Material provided:
━━━

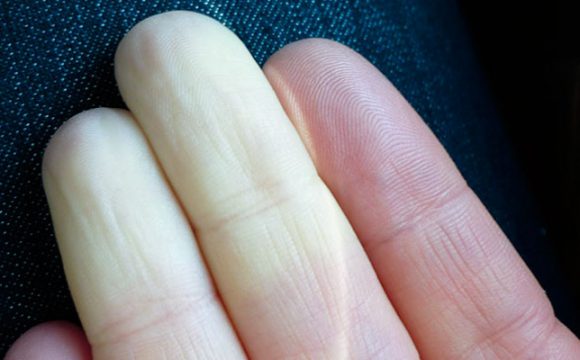 Raynaud Hastalığı nedir?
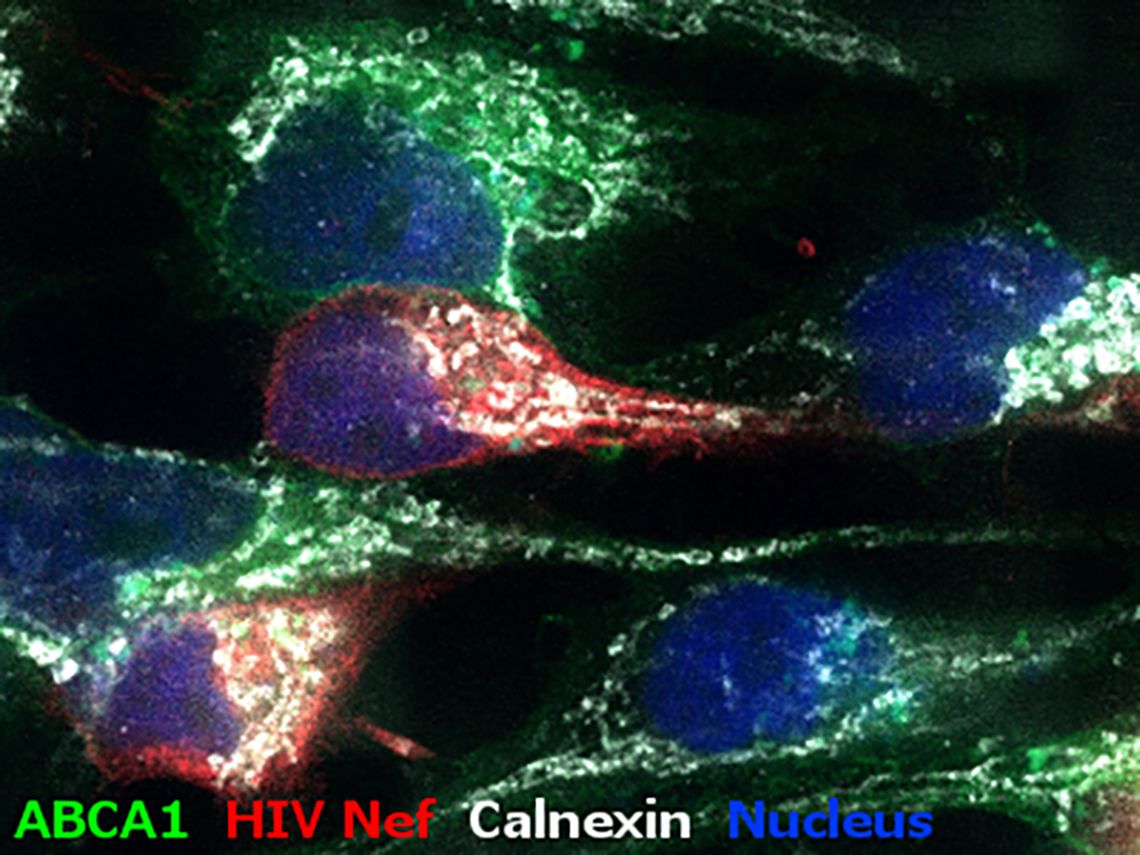 ABCA1 HIV Nef Nucleus Calnexin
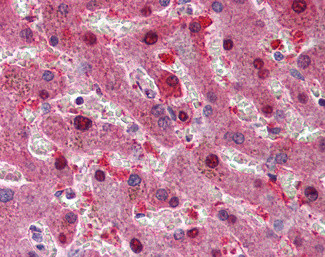 p16INK4a Antibody in Immunohistochemistry (Paraffin) (IHC (P))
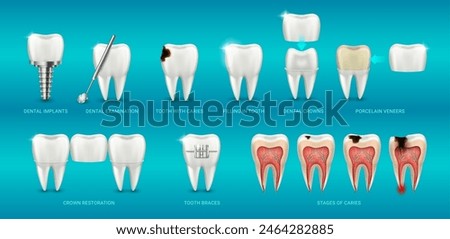 Medicine and healthcare in clinic, teeth care and treatment. Vector dental examination, braces and implants, crown restoration and porcelain veneers, stages of caries and prosthesis filling in tooth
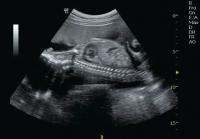 ������������� ������� Logiq C5 Premium - ����������� 1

━━━

The task requires that every line above be transcribed exactly, without the images.

 Raynaud Hastalığı nedir?
 ABCA1 HIV Nef Nucleus Calnexin
 p16INK4a Antibody in Immunohistochemistry (Paraffin) (IHC (P))
 Medicine and healthcare in clinic, teeth care and treatment. Vector dental examination, braces and implants, crown restoration and porcelain veneers, stages of caries and prosthesis filling in tooth
 ������������� ������� Logiq C5 Premium - ����������� 1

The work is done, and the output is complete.